■ Exercise input:

- - -

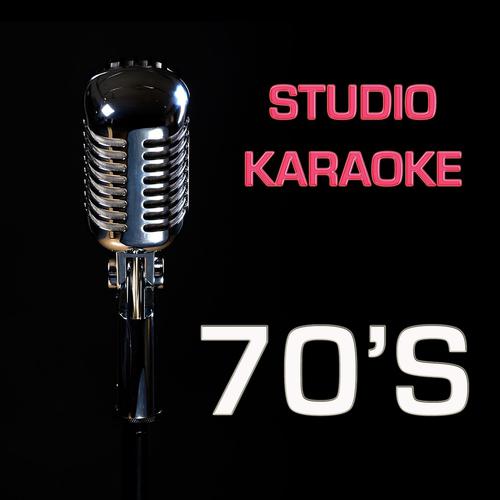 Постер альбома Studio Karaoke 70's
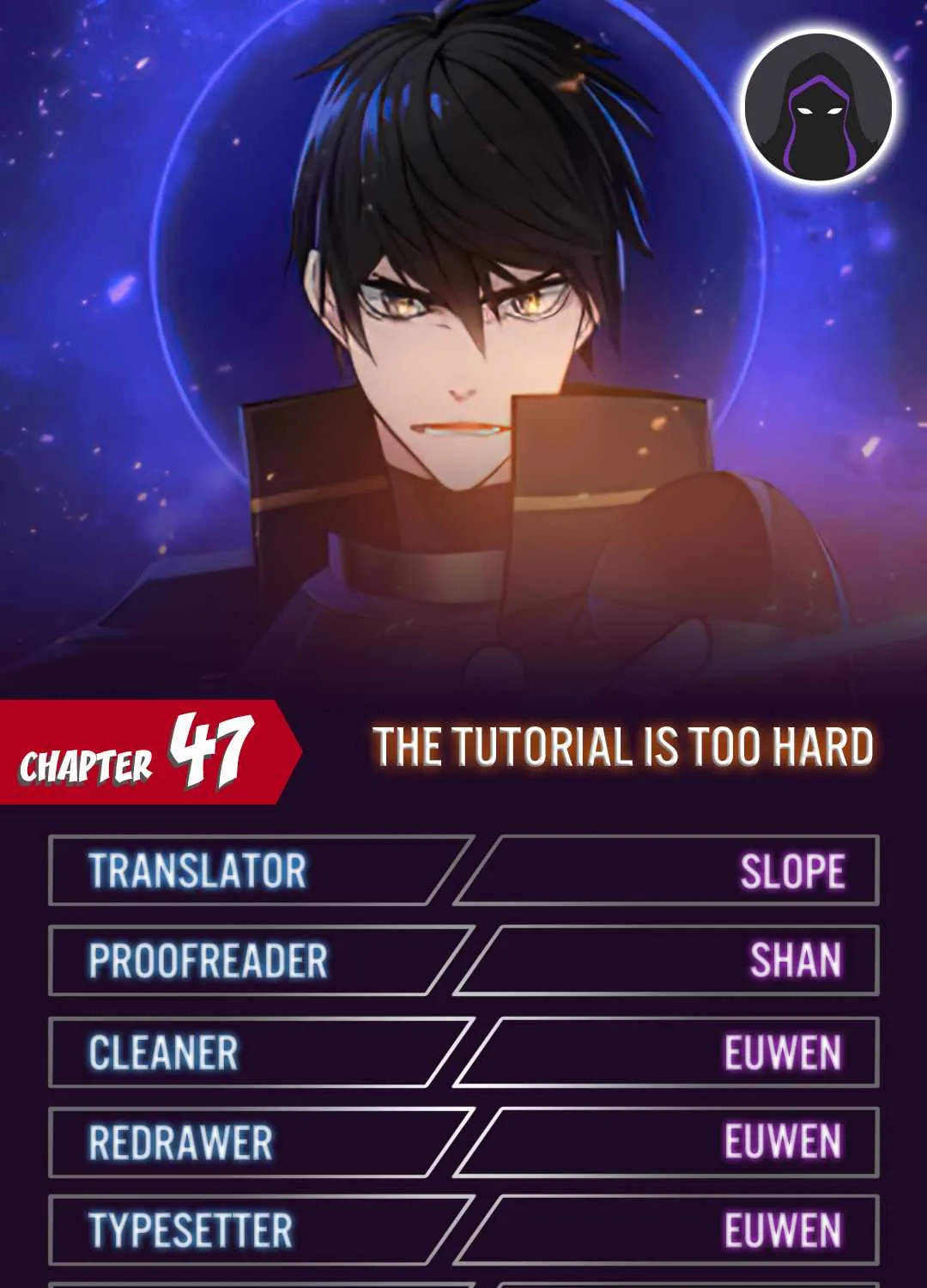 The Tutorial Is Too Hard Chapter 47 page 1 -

- - -

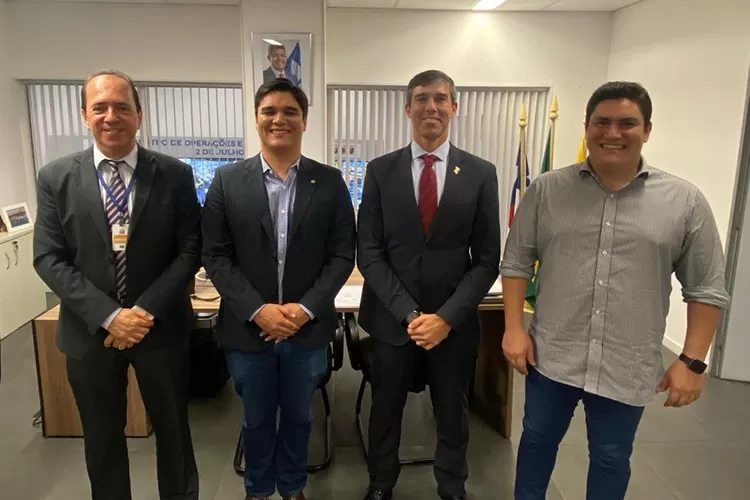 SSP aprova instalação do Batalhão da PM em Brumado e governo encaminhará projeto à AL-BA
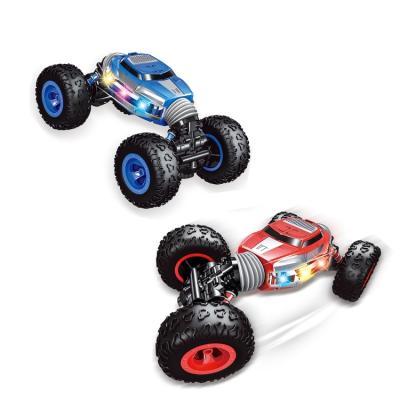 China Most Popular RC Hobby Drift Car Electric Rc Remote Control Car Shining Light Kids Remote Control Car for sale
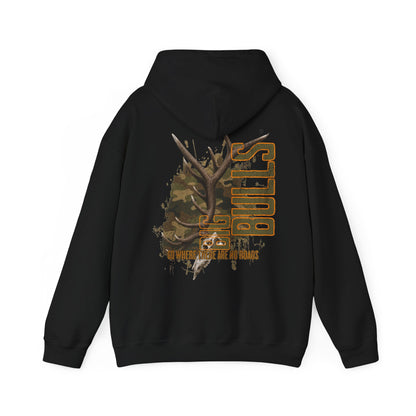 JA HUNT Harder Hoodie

- - -

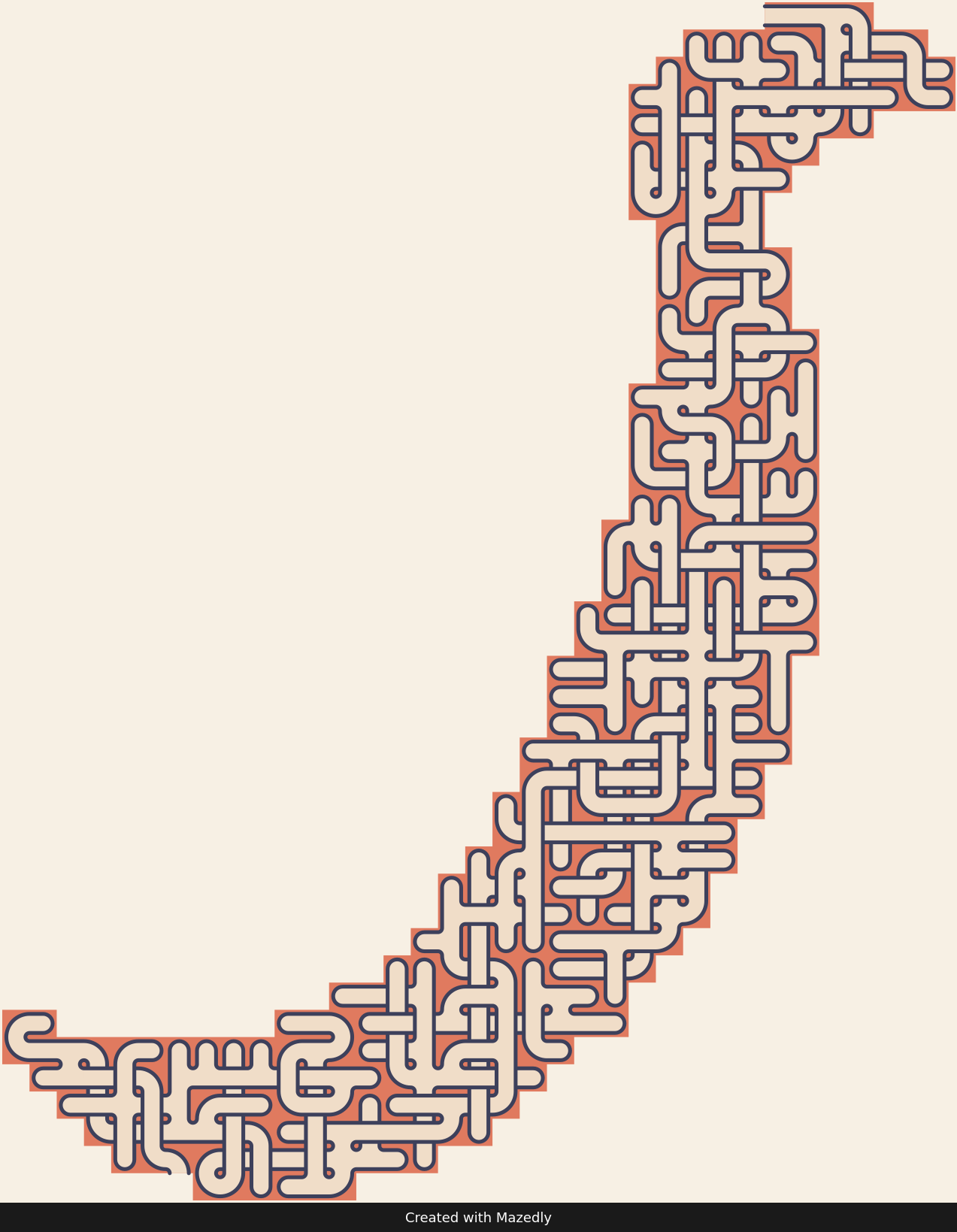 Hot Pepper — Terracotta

- - -

■ Task to complete: Return exactly the lines above, from the one with "Постер альбома Studio Karaoke 70's" up to and including the one with "The Tutorial Is", and include no pictures.

■ Response to this exercise:
 Постер альбома Studio Karaoke 70's
 The Tutorial Is Too Hard Chapter 47 page 1 -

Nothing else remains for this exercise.